=== Records provided ===

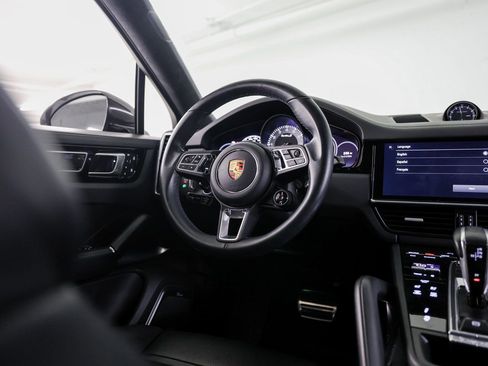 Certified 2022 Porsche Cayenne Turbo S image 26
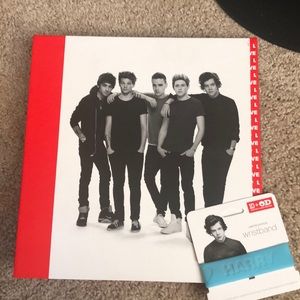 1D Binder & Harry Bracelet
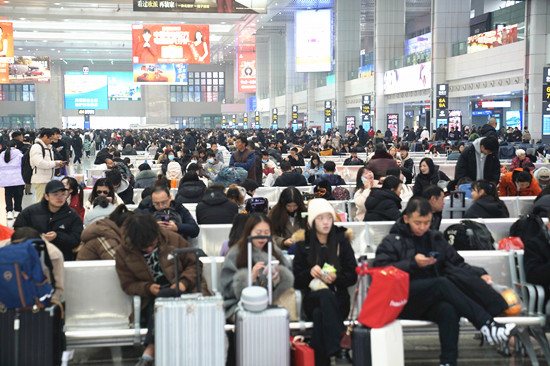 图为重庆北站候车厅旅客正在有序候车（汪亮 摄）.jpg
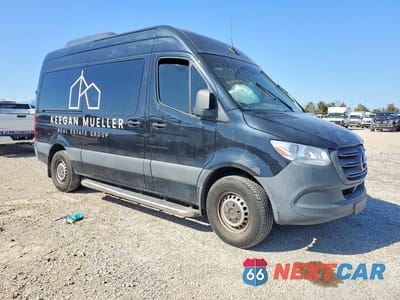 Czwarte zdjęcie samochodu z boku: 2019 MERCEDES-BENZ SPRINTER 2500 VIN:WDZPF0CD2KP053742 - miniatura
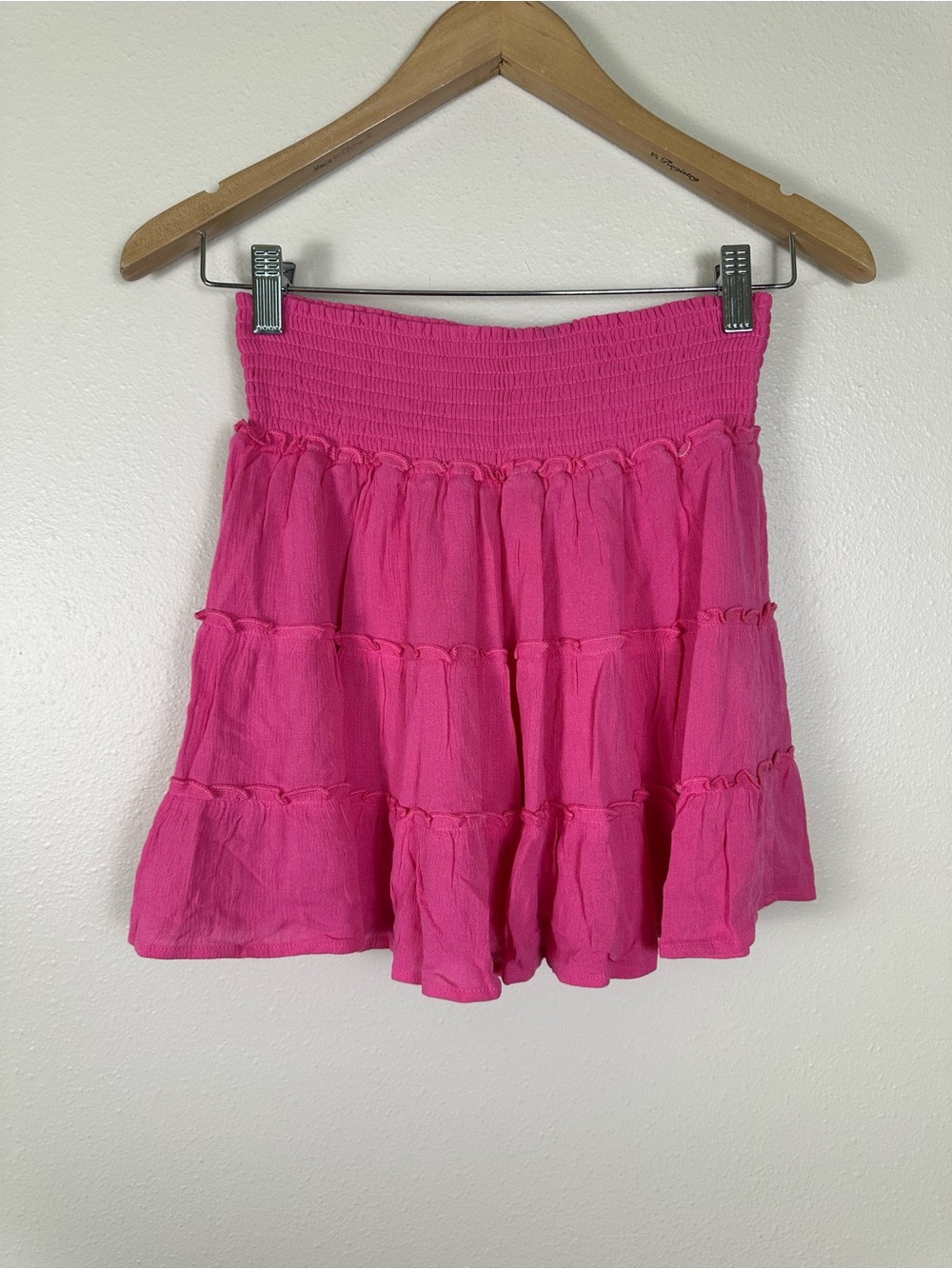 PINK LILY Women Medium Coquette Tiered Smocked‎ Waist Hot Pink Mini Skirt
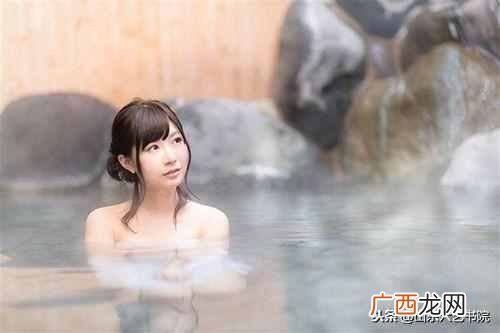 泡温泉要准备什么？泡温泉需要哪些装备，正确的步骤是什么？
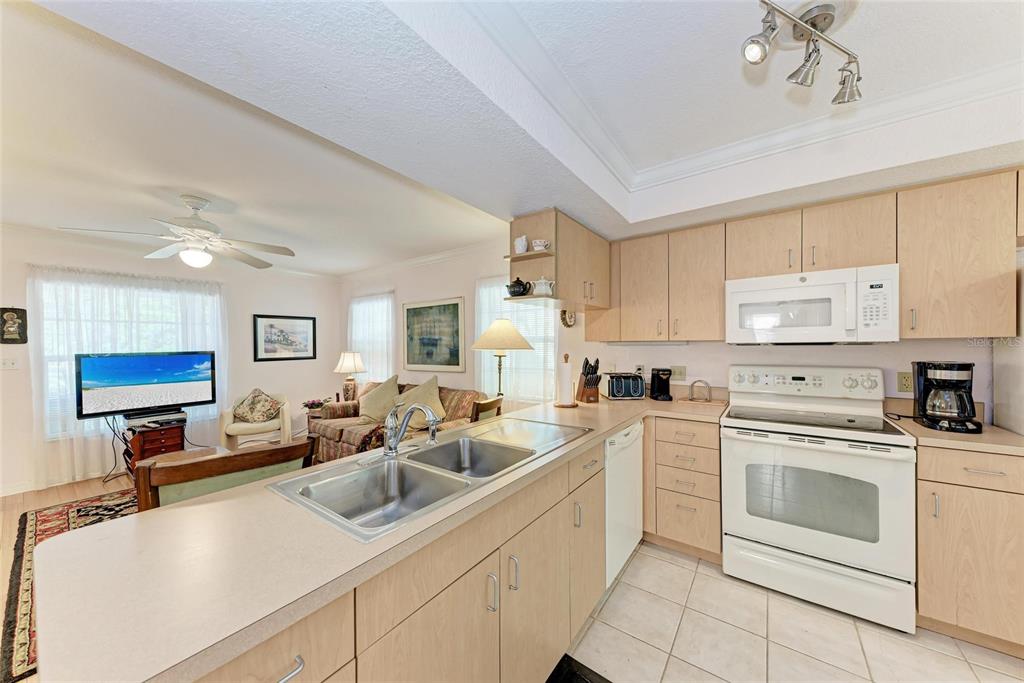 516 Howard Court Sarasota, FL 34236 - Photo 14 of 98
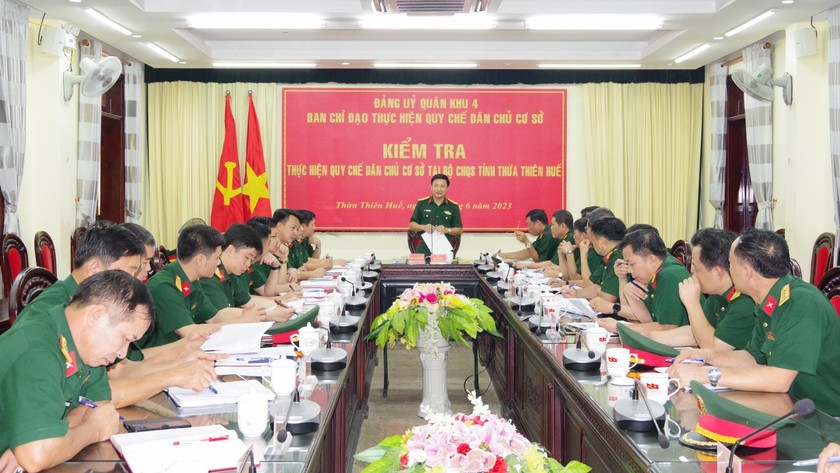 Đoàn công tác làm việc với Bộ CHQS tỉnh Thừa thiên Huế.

===

• The task: The job is to copy all the records precisely while omitting any picture.

• Exercise answer:
 Certified 2022 Porsche Cayenne Turbo S image 26
 1D Binder & Harry Bracelet
 图为重庆北站候车厅旅客正在有序候车（汪亮 摄）.jpg
 Czwarte zdjęcie samochodu z boku: 2019 MERCEDES-BENZ SPRINTER 2500 VIN:WDZPF0CD2KP053742 - miniatura
 PINK LILY Women Medium Coquette Tiered Smocked‎ Waist Hot Pink Mini Skirt
 泡温泉要准备什么？泡温泉需要哪些装备，正确的步骤是什么？
 516 Howard Court Sarasota, FL 34236 - Photo 14 of 98
 Đoàn công tác làm việc với Bộ CHQS tỉnh Thừa thiên Huế.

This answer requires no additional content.